▼
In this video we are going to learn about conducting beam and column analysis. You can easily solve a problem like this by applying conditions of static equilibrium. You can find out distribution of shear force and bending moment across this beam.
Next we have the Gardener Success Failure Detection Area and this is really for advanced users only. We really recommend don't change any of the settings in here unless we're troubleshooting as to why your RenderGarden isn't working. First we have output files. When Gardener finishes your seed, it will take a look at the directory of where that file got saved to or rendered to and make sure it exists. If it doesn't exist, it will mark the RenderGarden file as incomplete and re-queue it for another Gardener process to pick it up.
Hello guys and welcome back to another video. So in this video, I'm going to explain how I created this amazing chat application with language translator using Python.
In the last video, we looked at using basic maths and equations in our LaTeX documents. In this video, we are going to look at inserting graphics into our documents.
▲
▼
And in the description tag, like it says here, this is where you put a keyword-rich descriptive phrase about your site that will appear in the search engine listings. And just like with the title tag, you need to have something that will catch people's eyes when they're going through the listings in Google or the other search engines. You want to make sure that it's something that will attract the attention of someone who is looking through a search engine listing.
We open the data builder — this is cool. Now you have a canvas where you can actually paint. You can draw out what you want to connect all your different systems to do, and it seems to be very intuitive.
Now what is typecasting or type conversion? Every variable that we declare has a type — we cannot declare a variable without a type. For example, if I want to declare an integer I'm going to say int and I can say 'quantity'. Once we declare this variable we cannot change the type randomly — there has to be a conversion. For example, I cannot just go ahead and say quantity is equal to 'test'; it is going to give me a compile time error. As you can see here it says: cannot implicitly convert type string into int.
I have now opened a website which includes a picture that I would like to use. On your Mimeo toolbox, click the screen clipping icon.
▲
→ Aim of the exercise
Using only the listing above, restate exactly the lines from the line containing "In this video we" through the line containing "In the last", both included.

→ Response
In this video we are going to learn about conducting beam and column analysis. You can easily solve a problem like this by applying conditions of static equilibrium. You can find out distribution of shear force and bending moment across this beam.
Next we have the Gardener Success Failure Detection Area and this is really for advanced users only. We really recommend don't change any of the settings in here unless we're troubleshooting as to why your RenderGarden isn't working. First we have output files. When Gardener finishes your seed, it will take a look at the directory of where that file got saved to or rendered to and make sure it exists. If it doesn't exist, it will mark the RenderGarden file as incomplete and re-queue it for another Gardener process to pick it up.
Hello guys and welcome back to another video. So in this video, I'm going to explain how I created this amazing chat application with language translator using Python.
In the last video, we looked at using basic maths and equations in our LaTeX documents. In this video, we are going to look at inserting graphics into our documents.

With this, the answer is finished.